Mr. Eisenberg has played a central role in the proliferation of the credit derivatives blowing up on the books of the Frankenbanks created by Mr. Meyerson. Here’s what the Simpson, Thacher & Bartlett web site says about its relationships and Mr. Eisenberg’s work:
“The Firm’s practice benefits from established relationships with all of the major investment banks…Mr. Eisenberg is responsible for creating the asset-backed practice at the firm and has represented clients involved in the structuring of the first asset-backed commercial paper program, the first public offering of credit card-backed securities by a bank and the first offering of asset-backed securities supported by dealer floor plan loans…Mr. Eisenberg represents JPMorgan Chase Bank, as issuer, in its ongoing program of public offerings of its credit card receivables backed notes. In addition Mr. Eisenberg represented JPMorgan Chase Bank in connection with the issuance of notes backed by commercial loans and in connection with its offerings of Leveraged Notes for Credit Exposure, a credit derivative product. Mr. Eisenberg has also represented underwriters, issuers and sponsors of modeled index catastrophe bonds. Mr. Eisenberg has represented sellers and buyers of credit protection in connection with synthetic securitizations of consumer loans, commercial loans and high yield bonds.”
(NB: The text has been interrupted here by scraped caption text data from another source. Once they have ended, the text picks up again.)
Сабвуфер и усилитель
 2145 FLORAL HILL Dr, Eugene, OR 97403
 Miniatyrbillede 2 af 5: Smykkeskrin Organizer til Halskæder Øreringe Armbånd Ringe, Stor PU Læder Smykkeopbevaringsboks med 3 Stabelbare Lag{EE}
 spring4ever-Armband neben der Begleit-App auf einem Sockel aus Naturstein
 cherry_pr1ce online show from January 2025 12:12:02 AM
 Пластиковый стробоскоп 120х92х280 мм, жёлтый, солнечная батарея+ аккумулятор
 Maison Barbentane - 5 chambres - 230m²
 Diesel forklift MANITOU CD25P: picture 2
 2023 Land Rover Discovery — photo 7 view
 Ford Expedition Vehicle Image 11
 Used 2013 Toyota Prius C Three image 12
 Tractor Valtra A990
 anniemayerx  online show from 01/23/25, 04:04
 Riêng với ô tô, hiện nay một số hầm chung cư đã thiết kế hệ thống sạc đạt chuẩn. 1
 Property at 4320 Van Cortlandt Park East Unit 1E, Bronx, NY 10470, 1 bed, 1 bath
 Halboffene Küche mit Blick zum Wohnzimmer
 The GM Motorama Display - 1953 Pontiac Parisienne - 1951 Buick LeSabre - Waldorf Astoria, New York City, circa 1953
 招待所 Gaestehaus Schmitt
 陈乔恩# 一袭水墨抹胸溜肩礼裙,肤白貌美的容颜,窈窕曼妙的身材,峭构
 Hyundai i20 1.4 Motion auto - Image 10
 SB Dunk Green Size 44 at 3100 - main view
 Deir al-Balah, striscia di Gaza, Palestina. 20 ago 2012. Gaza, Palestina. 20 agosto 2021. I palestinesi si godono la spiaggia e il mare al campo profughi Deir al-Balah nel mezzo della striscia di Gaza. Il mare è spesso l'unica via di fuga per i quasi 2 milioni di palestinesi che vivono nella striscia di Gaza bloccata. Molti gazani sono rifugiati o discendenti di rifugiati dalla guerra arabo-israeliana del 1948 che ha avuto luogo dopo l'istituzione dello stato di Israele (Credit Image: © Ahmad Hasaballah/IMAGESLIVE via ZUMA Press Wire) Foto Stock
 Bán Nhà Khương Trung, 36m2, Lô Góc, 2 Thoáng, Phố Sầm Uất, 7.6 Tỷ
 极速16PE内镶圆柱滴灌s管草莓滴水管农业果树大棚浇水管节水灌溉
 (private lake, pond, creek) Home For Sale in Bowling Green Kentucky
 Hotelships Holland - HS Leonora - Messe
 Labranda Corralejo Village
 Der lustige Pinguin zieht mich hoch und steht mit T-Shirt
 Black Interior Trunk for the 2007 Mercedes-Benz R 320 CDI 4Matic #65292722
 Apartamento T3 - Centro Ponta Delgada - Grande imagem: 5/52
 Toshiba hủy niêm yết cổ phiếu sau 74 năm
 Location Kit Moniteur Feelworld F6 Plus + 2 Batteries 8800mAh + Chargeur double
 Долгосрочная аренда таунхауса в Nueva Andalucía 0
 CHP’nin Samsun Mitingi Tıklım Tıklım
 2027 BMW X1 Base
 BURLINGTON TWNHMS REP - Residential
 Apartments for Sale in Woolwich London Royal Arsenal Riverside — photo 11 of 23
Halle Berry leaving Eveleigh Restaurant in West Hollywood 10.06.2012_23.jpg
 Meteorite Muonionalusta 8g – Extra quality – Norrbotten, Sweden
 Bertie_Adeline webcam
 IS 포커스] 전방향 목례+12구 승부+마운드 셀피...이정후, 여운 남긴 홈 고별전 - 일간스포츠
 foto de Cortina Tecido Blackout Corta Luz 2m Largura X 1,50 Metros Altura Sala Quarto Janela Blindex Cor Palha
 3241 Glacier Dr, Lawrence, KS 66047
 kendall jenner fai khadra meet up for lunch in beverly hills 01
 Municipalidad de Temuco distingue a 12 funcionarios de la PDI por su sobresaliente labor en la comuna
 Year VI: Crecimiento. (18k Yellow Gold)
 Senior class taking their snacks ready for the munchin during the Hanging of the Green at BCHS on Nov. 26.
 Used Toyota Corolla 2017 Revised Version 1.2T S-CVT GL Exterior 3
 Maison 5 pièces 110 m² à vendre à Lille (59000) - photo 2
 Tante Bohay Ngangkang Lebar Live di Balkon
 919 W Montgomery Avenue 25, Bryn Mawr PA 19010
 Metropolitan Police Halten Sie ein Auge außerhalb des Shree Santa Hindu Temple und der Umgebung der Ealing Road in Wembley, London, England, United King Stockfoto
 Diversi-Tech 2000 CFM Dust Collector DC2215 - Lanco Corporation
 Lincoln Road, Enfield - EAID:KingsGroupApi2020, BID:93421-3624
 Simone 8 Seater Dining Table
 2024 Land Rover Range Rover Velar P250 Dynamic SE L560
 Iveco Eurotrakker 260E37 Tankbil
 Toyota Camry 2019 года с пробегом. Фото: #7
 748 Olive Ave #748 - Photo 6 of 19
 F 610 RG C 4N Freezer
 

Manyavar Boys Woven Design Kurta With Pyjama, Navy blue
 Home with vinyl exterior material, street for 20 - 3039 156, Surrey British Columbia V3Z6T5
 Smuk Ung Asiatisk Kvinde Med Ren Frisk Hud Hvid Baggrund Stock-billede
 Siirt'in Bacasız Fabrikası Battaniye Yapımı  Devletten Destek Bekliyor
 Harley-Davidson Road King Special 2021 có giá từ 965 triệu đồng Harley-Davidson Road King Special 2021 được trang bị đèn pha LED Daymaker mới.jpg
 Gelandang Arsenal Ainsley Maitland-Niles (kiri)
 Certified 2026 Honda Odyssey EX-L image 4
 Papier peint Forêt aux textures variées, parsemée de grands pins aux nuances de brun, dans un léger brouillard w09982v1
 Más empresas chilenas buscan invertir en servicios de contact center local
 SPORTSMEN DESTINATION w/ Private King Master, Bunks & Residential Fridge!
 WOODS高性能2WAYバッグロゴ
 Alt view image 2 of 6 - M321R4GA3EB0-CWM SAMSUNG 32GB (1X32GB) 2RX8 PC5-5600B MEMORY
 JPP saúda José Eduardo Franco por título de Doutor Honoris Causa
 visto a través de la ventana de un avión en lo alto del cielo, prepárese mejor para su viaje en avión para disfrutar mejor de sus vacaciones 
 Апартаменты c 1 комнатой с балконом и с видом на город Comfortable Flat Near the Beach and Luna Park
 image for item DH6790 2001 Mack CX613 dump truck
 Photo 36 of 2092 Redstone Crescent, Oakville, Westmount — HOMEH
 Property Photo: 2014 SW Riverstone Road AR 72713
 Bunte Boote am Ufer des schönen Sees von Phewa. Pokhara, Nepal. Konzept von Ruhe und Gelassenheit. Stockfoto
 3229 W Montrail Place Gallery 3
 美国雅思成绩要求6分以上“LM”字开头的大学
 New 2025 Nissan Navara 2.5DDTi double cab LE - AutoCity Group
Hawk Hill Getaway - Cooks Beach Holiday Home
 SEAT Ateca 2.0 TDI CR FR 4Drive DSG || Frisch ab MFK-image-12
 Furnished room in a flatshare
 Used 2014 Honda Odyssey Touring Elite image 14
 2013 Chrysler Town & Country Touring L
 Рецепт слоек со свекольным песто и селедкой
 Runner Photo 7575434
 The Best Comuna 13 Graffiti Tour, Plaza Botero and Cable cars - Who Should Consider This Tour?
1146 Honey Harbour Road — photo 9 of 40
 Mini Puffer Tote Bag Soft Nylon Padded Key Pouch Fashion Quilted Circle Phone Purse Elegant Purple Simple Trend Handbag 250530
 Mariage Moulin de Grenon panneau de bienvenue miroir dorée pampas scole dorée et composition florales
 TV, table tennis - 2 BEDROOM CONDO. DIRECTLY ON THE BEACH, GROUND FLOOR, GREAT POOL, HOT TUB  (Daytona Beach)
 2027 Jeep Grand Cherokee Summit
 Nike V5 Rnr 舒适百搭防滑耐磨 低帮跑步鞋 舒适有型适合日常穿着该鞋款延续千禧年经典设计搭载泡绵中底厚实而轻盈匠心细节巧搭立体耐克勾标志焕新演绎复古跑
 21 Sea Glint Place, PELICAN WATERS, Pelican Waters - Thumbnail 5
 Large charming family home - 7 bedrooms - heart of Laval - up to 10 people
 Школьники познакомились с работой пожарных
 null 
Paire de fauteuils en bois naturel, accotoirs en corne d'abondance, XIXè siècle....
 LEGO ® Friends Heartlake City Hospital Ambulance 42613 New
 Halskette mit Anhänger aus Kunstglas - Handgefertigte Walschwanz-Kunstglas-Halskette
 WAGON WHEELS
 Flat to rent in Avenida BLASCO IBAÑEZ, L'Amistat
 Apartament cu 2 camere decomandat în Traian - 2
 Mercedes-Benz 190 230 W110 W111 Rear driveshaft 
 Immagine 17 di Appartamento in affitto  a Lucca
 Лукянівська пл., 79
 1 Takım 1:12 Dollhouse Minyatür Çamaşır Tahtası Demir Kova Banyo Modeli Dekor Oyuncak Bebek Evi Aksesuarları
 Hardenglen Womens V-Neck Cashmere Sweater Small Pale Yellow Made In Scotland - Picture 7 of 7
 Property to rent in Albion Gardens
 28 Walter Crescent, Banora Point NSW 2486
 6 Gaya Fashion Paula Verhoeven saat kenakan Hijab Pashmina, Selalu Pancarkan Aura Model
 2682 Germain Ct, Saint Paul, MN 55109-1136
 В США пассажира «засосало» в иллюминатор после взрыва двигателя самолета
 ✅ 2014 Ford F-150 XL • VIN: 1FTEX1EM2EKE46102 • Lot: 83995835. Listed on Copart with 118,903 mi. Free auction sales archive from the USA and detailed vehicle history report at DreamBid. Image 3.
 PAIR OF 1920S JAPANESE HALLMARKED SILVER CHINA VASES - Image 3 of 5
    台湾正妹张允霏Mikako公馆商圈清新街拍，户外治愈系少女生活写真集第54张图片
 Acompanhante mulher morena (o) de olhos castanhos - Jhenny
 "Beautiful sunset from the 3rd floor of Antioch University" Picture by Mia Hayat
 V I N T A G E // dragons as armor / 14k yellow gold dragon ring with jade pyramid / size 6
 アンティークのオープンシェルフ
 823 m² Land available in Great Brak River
This is an unconscionable conflict of interest given that JPMorgan Chase is receiving $25 billion of taxpayer funds under this bailout and that the program is very likely to be buying the very toxic waste for which Mr. Eisenberg wrote legal opinions and assisted in proliferating.
It is an unconscionable conflict, but as we know, “conscience” is not an operative concept on the commanding heights of Cronytopia.